TASK OBJECTIVE -
Would you return exactly the lines below from the line with "قلاص فيونكه زجاجي غطاء خشبي" through the line with "Plan et surfaces, Programme", both included, and nothing else, leaving out the pictures?

DATASET EXCERPTS -
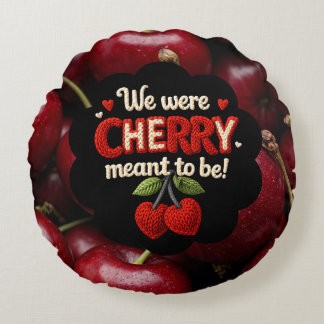 Cozy knitted-style typography and adorable cherry rundes kissen
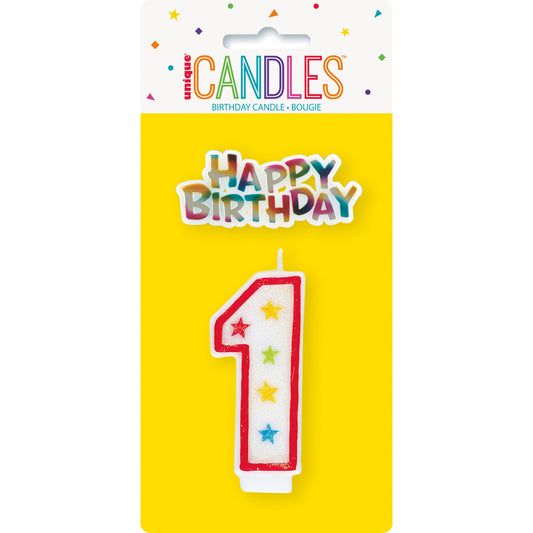 Numeral Candle with Happy Birthday Cake Topper - 1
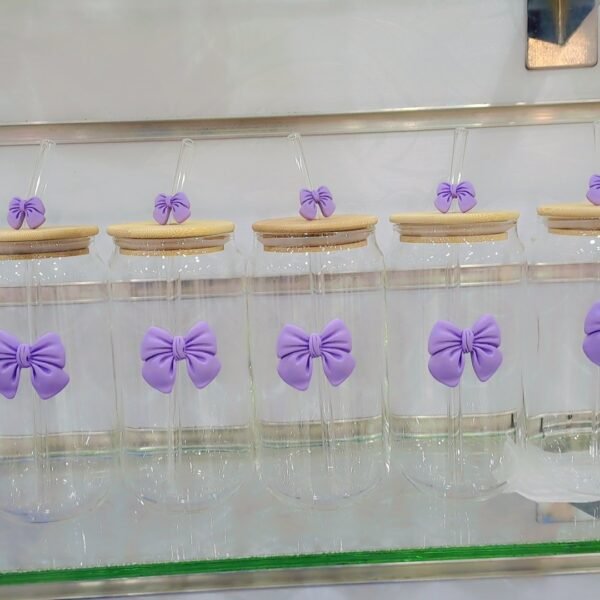 قلاص فيونكه زجاجي غطاء خشبي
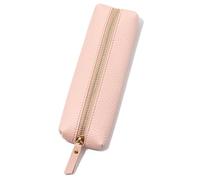 EWUHYFP Estuche Cuero Large Capacity Pen Bag PU Leather Stationery Holder Storage Box Zipper Pencil Pouch(Pink)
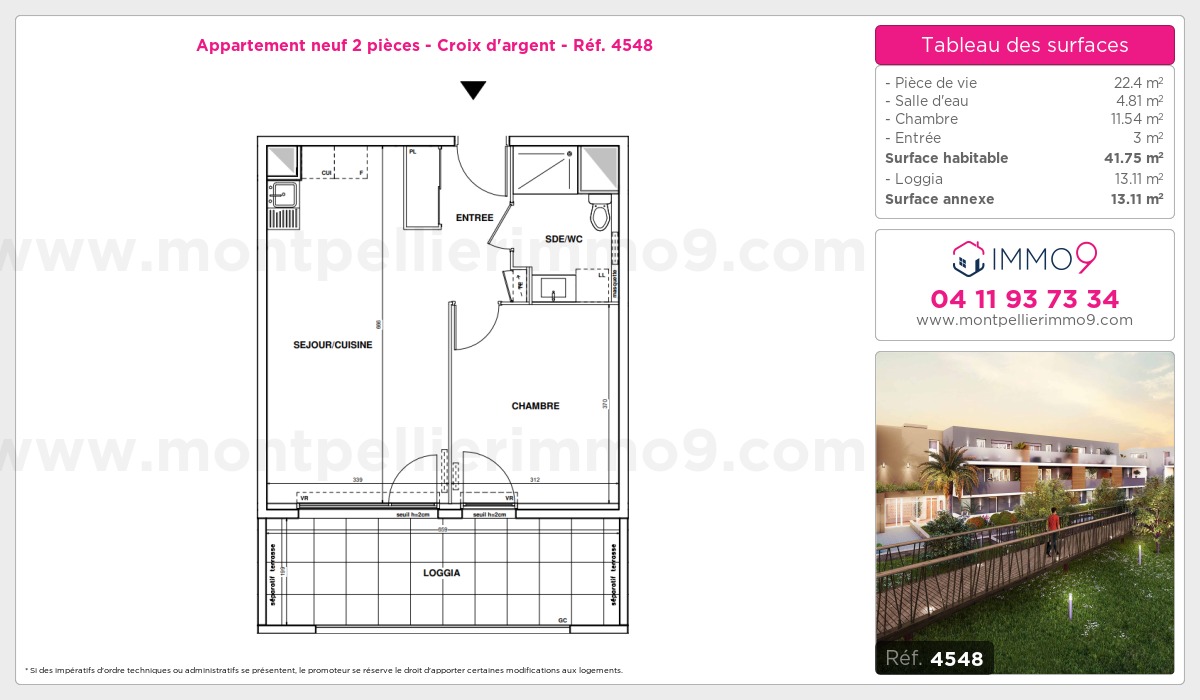 Plan et surfaces, Programme neuf Montpellier : Croix d'argent Référence n° 4548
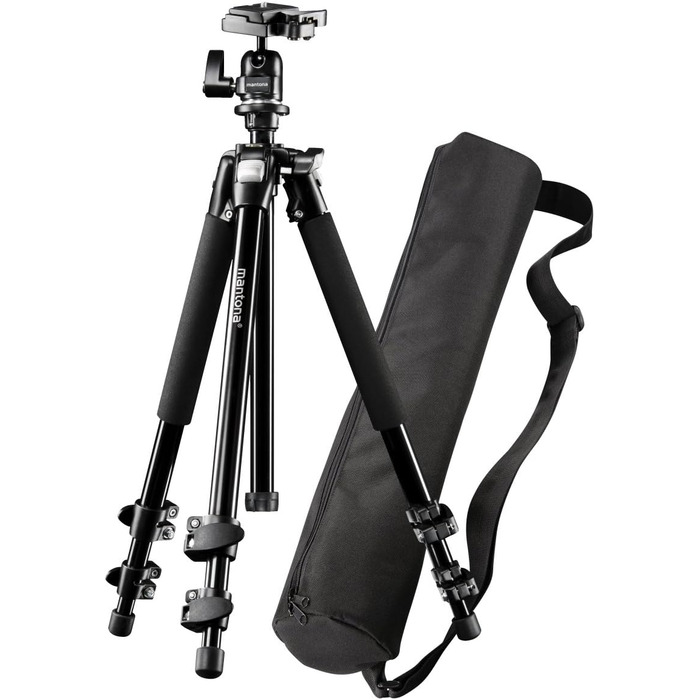Штатив Mantona Basic Scout: компактний, легкий, для камер, з кульковою головкою, водомірною шкалою, обертовою центральною колоною. Макс. навантаження 5 кг, матеріал - алюміній. У комплекті сумка.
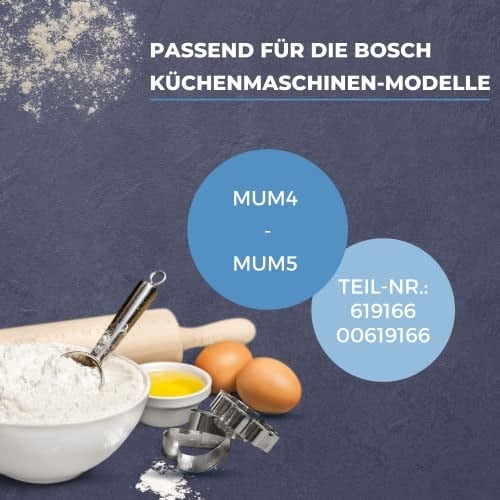 LICHTBLAU Hamur deflektörü 619166 00619166 Bosch MUM4 MUM5 MUM Seri 2 beyaz | Bosch mutfak robotları için uygun yoğurma kancası kazıyıcı - Seçenekler: Teigabweiser 619166, Rührbesen 650543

RESULT -
 قلاص فيونكه زجاجي غطاء خشبي
 EWUHYFP Estuche Cuero Large Capacity Pen Bag PU Leather Stationery Holder Storage Box Zipper Pencil Pouch(Pink)
 Plan et surfaces, Programme neuf Montpellier : Croix d'argent Référence n° 4548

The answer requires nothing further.